Tuesday, September 20, 2022

Man and Woman He Created Them

Image: The Creation of Adam (1510), from the ceiling of the Sistine Chapel by Michelangelo, downloaded from Wikimedia. The image and title are inspired by Pope Saint John Paul II's Theology of the Body published as Man and Woman He Created Them.
By sharing his story, Tom Hoopes has given me a gift. I've had a similar experience which I've almost always shared as part of the story of my return to the Catholic Church, but I've not been able to connect it well with the whole of my reversion to the faith. That is, this experience, which I know is a significant part of my faith journey, never seemed to fit well with with the rest of my journey. It's been a puzzle piece that never seemed to fit in with the rest of the puzzle of my life.

In early 1995, when I had already been long lapsed in the practice of my faith, I had a similar powerful experience. Of his experience (which is similar to mine), Tom Hoopes writes, "I didn’t see any visions, feel a physical sensation, or hear an audible voice, but I remember it vividly, and it was unmistakably him." Until now, the penny had not dropped, but now, in a concrete way, I see "it was unmistakably him." In pride, I might give my intellect all the credit, but in reality it was by the grace of God. I came to the realization and knowledge that contraception was immoral. God smiled upon me.

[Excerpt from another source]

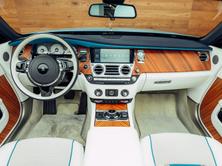 ROLLS ROYCE Dawn 6.6 V12, Benzin, Occasion / Gebraucht, Automatik - 5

I was tapping away on my 386 while listening to C-SPAN in the background. And on the TV, there was a talk or forum on what we would understand now to be about LGBT rights. A man, who I think was a journalist, asked a question, something like, "if heterosexuals can do it, why can't homosexuals do it?" I don't remember exactly what the question was, but it set off a train of thought that brought me to the conclusion that contraception was immoral. My first thought was a humble one, and I think that this is important to note, since it signifies the softening of my heart to an encounter with the truth. In 1995, like most or many people of that time, I could have been reasonably characterized as a homophobe. Back then, I could never knowingly have had a friendship with a gay man. The thought of sodomy brought about only a visceral reaction and it was a strong one. "Icky" and "gross" are far too weak to express my feelings. But my first thought to this man's question was "he's right!" or "he has a point!" And so I questioned: why should I consider the homosexual act to be wrong? Why is the heterosexual act okay? I thought, is marriage that which "blesses" the sexual act, so that if we allowed homosexuals to marry, then the homosexual act would be okay? Intuitively, I dismissed that as an arbitrary logical move. So I asked, why marriage? (whisper: children). What is it about marriage which makes the heterosexual act morally acceptable? And I realized that the procreative aspect is the key to understanding why the heterosexual act within marriage is morally acceptable. And on the flip side, I realized that if contraception is morally acceptable then anything is morally acceptable—for once procreation is "logically" separated from the sexual act, all judgments on the morality of consenting sexual acts are arbitrary and visceral.

My thoughts were more primitive then, but under the guidance of the Church's Magisterium, the teachings of the Church, I've come to a more mature understanding of the meaning of human sexuality. Indeed, the Church's teaching on human sexuality has been a motive of credibility for me, evidence that through the Church, a divine light shines in the world. It is as the hymn goes, I once was blind, but now I see.